I was 15 when bodies started being brought out of 25 Cromwell Street and, like the rest of the country, I equal parts fascinated and horrified at what else was unearthed alongside the remains of the young women that had fallen victim to Fred and Rose West. Thanks to the wall to wall media coverage that accompanied the investigation, I thought I had a fair idea of the depths of depravity that the West’s were capable of. Reading Happy Like Murderers quickly disabused me of that notion.
Both from nightmarish backgrounds, with families who regularly engaged in sex with their children, parents, siblings and animals, it’s small wonder that the West’s grew up to be incredibly fucked up monsters. Who knows what kind of damage they would have individually been capable of had they not met one another. But they did meet. And young women started to die.
Not limiting their abuses to strangers but making sure that the whole household suffered, Fred and Rose were the sorts of parents you wish would abandon their children but instead they kept them under strict control, beating them and using them as sex toys according to their whims, and even offering them up to the many lodgers and visitors to the house, many of whom took up the offer. This is what my mind kept circling back to over and over whilst reading this book: That Fred and Rose were depraved and inhuman I understood.
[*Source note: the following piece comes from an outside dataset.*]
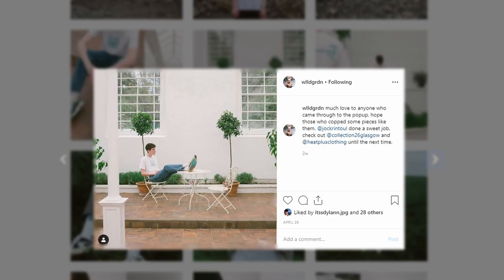I'm Connor Miguel and the brand is Walled Garden. Pop-ups have impacted my brand by just kind of networking with like-minded people, and also coming from here it's kind of opened up to the Glasgow streetwear scene, I guess.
What I couldn’t understand was how anyone else would not be shocked and horrified at being offered an 8 year old, and at the very least have reported them, but instead it seems that my faith in humanity was completely misjudged and that most of the men jumped at the chance rather than reporting them or kicking their teeth in. Over and over again, I was shook at how much I’ve taken for granted that people en masse are mostly decent, when instead it seemed that pretty much everyone in the community in which the West’s lived had either been horrifically abused or were horrific abusers themselves. The terror and degradation which the West’s children endured (as it was they who were the focus of much of the abuse) is incomprehensible (and would probably drive you insane if you could imagine even a tenth of it).
While Happy Like Murderers is filled with terrifying anecdotes from the West’s children as well as the sad details of the lives they took and buried under their house and garden, telling you everything you ever wanted to know about them (and a lot that you would never want to know), it did also employ a couple of stylistic choices that I sometimes struggled with. It had the occasional habit of jumbling the chronology, skipping a few years into the future to talk of something or other and then back again, making me a little confused at times as to when certain things had actually happened, as well as engaging in a lot of repetition for effect. Whilst this did a good job of portraying how mundane the constant violence had become in the West household, it also brought me up short a few times, making me think I’d somehow lost my place in the book. As was later pointed out to me, it also contains at least one error, when Burns portrays the murder of Charmaine West by Fred – a murder that we now know was committed by Rose whilst Fred was incarcerated for another crime. And so, despite being a book that I couldn’t put down (it was read in one sitting) it’s getting a couple of stars knocked off. And I’m off to bathe in bleach.